-- INFORMATION GIVEN follows --

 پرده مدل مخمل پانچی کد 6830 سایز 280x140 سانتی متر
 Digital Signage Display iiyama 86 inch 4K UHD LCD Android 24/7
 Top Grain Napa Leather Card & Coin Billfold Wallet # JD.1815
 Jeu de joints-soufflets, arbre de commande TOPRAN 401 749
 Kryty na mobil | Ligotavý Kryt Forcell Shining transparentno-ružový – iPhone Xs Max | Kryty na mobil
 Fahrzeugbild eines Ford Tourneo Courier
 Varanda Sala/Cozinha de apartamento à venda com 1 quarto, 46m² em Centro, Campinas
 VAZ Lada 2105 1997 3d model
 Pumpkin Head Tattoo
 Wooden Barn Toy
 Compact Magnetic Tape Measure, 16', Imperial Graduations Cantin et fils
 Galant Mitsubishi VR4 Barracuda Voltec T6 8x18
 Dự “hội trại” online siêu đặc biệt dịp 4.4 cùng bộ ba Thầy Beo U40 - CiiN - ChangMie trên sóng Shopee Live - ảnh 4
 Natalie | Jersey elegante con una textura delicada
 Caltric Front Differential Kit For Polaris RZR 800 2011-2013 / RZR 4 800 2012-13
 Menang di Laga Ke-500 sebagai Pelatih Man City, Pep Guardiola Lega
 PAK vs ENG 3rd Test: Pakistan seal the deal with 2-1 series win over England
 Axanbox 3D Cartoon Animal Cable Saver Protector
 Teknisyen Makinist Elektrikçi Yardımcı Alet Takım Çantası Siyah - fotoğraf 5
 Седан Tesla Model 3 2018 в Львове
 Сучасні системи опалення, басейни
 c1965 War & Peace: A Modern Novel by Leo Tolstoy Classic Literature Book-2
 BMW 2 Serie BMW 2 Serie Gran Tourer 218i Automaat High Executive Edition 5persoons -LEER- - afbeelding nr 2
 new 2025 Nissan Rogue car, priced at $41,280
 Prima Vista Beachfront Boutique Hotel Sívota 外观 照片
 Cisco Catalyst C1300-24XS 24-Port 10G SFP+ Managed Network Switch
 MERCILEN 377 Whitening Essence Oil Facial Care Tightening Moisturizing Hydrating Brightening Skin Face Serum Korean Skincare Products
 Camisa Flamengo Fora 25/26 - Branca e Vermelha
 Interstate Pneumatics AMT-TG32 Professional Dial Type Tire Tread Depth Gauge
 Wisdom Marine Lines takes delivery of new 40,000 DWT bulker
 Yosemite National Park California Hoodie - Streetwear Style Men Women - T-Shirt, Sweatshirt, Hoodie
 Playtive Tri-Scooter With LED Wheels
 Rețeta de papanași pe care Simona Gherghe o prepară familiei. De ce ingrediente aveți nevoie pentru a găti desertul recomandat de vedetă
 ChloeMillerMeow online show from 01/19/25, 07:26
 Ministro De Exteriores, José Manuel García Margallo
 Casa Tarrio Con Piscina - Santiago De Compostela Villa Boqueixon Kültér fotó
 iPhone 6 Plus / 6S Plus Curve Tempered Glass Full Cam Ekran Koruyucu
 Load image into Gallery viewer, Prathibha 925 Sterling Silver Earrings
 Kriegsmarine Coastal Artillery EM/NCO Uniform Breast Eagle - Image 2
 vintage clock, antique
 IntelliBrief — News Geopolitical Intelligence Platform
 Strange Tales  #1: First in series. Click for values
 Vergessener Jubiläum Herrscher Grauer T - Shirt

-- INFORMATION GIVEN concluded --

What you return should be the lines from the beginning of the records through the one that contains "MERCILEN 377 Whitening", repeated exactly and with no additions.

■ **REPLY**:
 پرده مدل مخمل پانچی کد 6830 سایز 280x140 سانتی متر
 Digital Signage Display iiyama 86 inch 4K UHD LCD Android 24/7
 Top Grain Napa Leather Card & Coin Billfold Wallet # JD.1815
 Jeu de joints-soufflets, arbre de commande TOPRAN 401 749
 Kryty na mobil | Ligotavý Kryt Forcell Shining transparentno-ružový – iPhone Xs Max | Kryty na mobil
 Fahrzeugbild eines Ford Tourneo Courier
 Varanda Sala/Cozinha de apartamento à venda com 1 quarto, 46m² em Centro, Campinas
 VAZ Lada 2105 1997 3d model
 Pumpkin Head Tattoo
 Wooden Barn Toy
 Compact Magnetic Tape Measure, 16', Imperial Graduations Cantin et fils
 Galant Mitsubishi VR4 Barracuda Voltec T6 8x18
 Dự “hội trại” online siêu đặc biệt dịp 4.4 cùng bộ ba Thầy Beo U40 - CiiN - ChangMie trên sóng Shopee Live - ảnh 4
 Natalie | Jersey elegante con una textura delicada
 Caltric Front Differential Kit For Polaris RZR 800 2011-2013 / RZR 4 800 2012-13
 Menang di Laga Ke-500 sebagai Pelatih Man City, Pep Guardiola Lega
 PAK vs ENG 3rd Test: Pakistan seal the deal with 2-1 series win over England
 Axanbox 3D Cartoon Animal Cable Saver Protector
 Teknisyen Makinist Elektrikçi Yardımcı Alet Takım Çantası Siyah - fotoğraf 5
 Седан Tesla Model 3 2018 в Львове
 Сучасні системи опалення, басейни
 c1965 War & Peace: A Modern Novel by Leo Tolstoy Classic Literature Book-2
 BMW 2 Serie BMW 2 Serie Gran Tourer 218i Automaat High Executive Edition 5persoons -LEER- - afbeelding nr 2
 new 2025 Nissan Rogue car, priced at $41,280
 Prima Vista Beachfront Boutique Hotel Sívota 外观 照片
 Cisco Catalyst C1300-24XS 24-Port 10G SFP+ Managed Network Switch
 MERCILEN 377 Whitening Essence Oil Facial Care Tightening Moisturizing Hydrating Brightening Skin Face Serum Korean Skincare Products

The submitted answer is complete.